EXERCISE BRIEF: Below are records with pictures in them. Transcribe everything from the line containing "Sibirya husky yavrusu" down to the line containing "Murphy - Bernedoodle", exactly, and leave the pictures behind.

RECORDS FOR THIS EXERCISE:
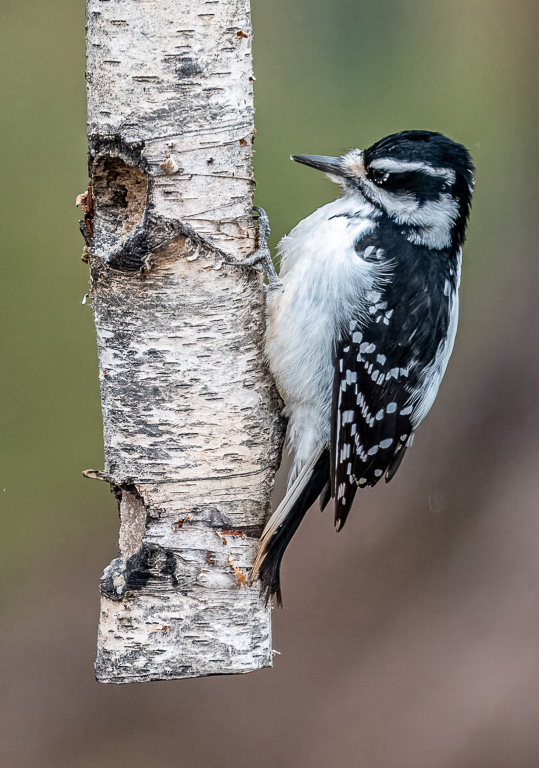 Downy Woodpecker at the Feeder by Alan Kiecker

* * *

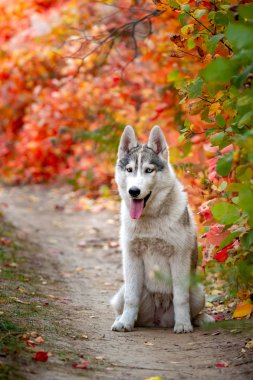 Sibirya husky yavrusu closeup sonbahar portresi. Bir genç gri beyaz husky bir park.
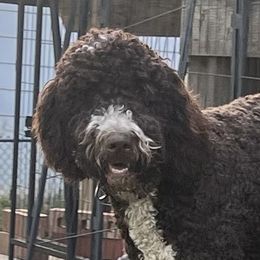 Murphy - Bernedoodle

==

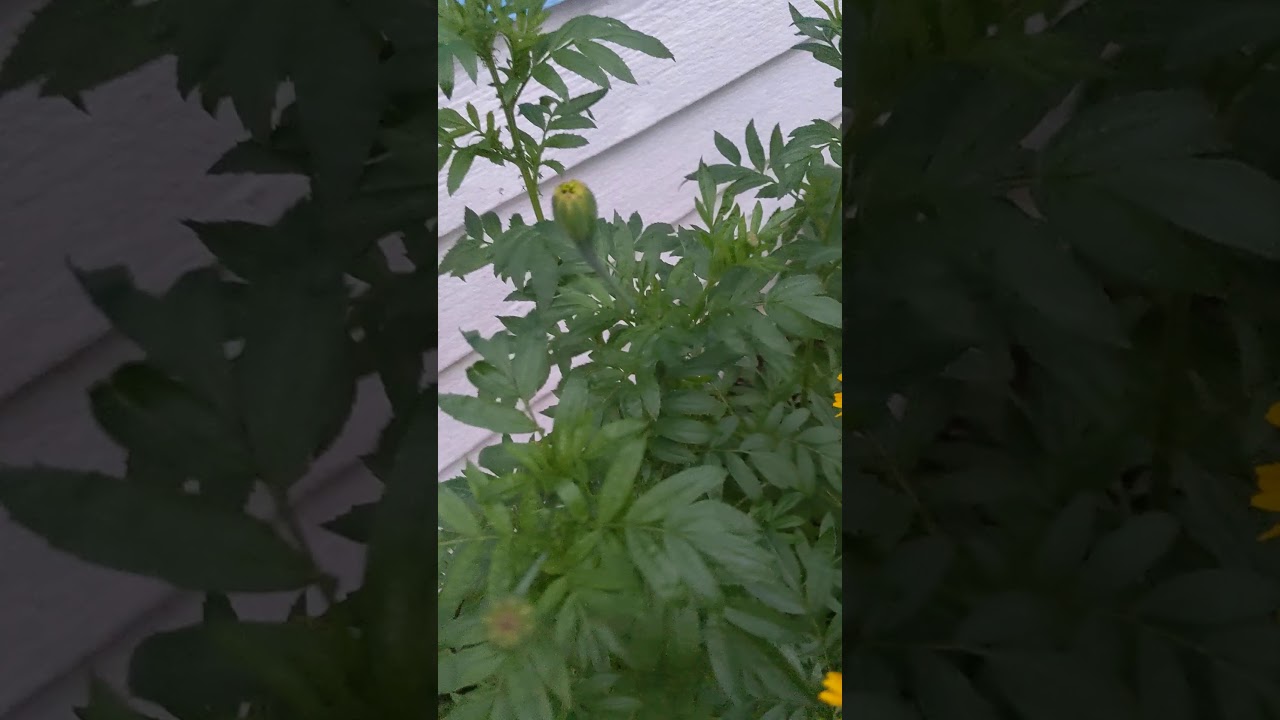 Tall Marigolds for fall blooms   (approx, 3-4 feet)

ANSWER SPACE:
 Sibirya husky yavrusu closeup sonbahar portresi. Bir genç gri beyaz husky bir park.
 Murphy - Bernedoodle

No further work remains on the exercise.